DREAMBOOK

Buchbesprechungen – keine Verrisse …

Das Los

Ein Gewinn unermesslichen Werts – ein Thriller unerwarteter Wendungen

Obwohl ich kein Spieler bin und kaum zweimal in meinem Leben ein Lotterielos gekauft habe, war ich sehr auf das neue Buch von Tibor Rode gespannt. Sein Debutroman „Das Rad der Ewigkeit“ hatte mich von der ersten Seite an gefesselt.

Anders „Das Los“. Ein zwar gut geschriebener, jedoch recht verwirrender und wenig dynamischer Start mit häufigen Schwenks zwischen den Erzählebenen: Orten wie dem heutigen Mumbai, Leeds, Hamburg, New York, Las Vegas sowie dem Berlin, Leipzig und Italiens des ausgehenden 18. Jahrhunderts.

Das Los
von Tibor Rode
Bastei Lübbe, 2014
Gebunden, 640 Seiten
ISBN 978-3431038934

Das Buch handelt von der Gier – neben Faulheit und Sicherheit – wohl der wichtigsten Triebfeder menschlichen Handelns.
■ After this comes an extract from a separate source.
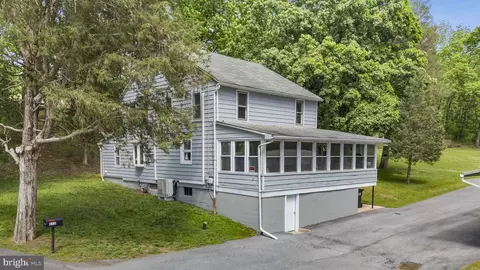 111 Garfield Rd, Mohrsville, PA 19541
Gier in all ihren Verkleidungen und häßlichen Masken: Neid, Mißgunst, Betrug, Unterschlagung, Veruntreuung, Bauernfängerei …
Es handelt aber auch von den damit verbundenen Träumen nach ewigem Glück (im letzten Buch war es die ewige Energie) repräsentiert durch absolute finanzielle Unabhängigkeit:

„Das intensivste Glücksgefühl beim Lottospielen, sagen Glücksforscher, wird zwischen der Abgabe des Lottoscheins und der Ziehung empfunden. Während dieser Zeitspanne der Hoffnung kann der Spieler von großen Gewinn träumen.“

Und die Spannung auf den Gewinn von „unermesslichem Wert“ wird bis zum Ende des Geschichte aufrechterhalten und dann – mit einer Prise Moralin gewürzt – hollywoodmäßig aufgelöst.

Genauso genialistisch, wie in seinem ersten Thriller, schafft es der Autor die Protagonisten der Jetztzeit mit den Auswirkungen der geschichtlichen Geschehnisse in schicksalhafte Verbindung zu bringen. Einiges wird etwas manieristisch länglich ausgewalzt, jedoch immer wieder rechtzeitig durch unglaublich spannend geschriebene Passagen abgelöst.

Besonders gut gelungen ist dem Autor auch in diesem Buch das lückenlose Verweben von geschichtlich Belegtem und dicherischer Freiheit. Sehr schön ausgemalt beispielsweise die fiktiven Dialoge zwischen dem Protagonisten Signore Calzabigi und König Friedrich dem Großen.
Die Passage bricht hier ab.